Word for word, restate the lines of the listing below from the line with "For Treats Figurine" through the line with "Pemberly Row Contemporary", and do not include the pictures.

(DATA FOR ANALYSIS):
Segment Open
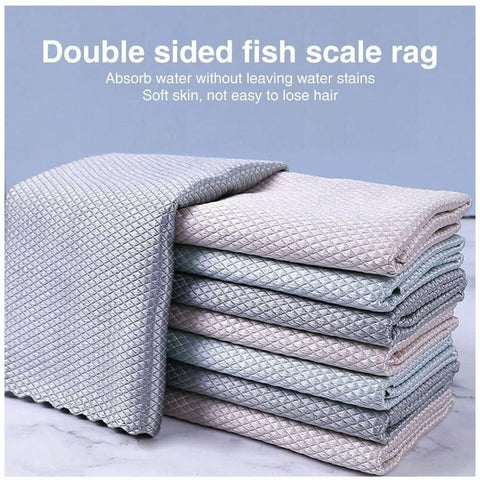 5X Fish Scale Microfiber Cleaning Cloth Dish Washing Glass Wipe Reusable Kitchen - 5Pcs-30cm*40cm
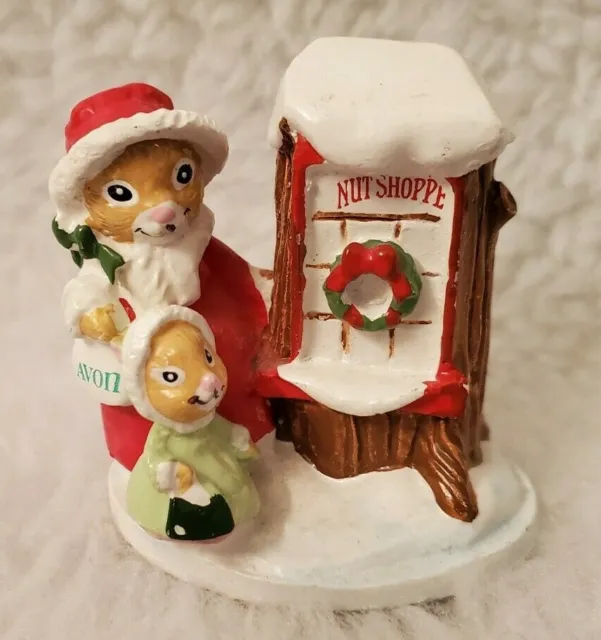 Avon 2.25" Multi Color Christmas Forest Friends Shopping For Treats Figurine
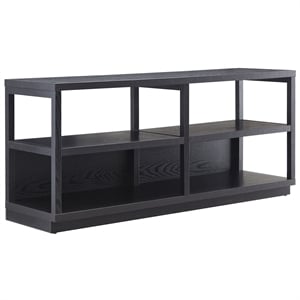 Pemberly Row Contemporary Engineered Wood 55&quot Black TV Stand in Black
Segment Closed
Segment Open
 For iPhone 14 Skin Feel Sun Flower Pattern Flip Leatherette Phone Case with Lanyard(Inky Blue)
Segment Closed
(SOLVED EXERCISE):
 Avon 2.25" Multi Color Christmas Forest Friends Shopping For Treats Figurine
 Pemberly Row Contemporary Engineered Wood 55&quot Black TV Stand in Black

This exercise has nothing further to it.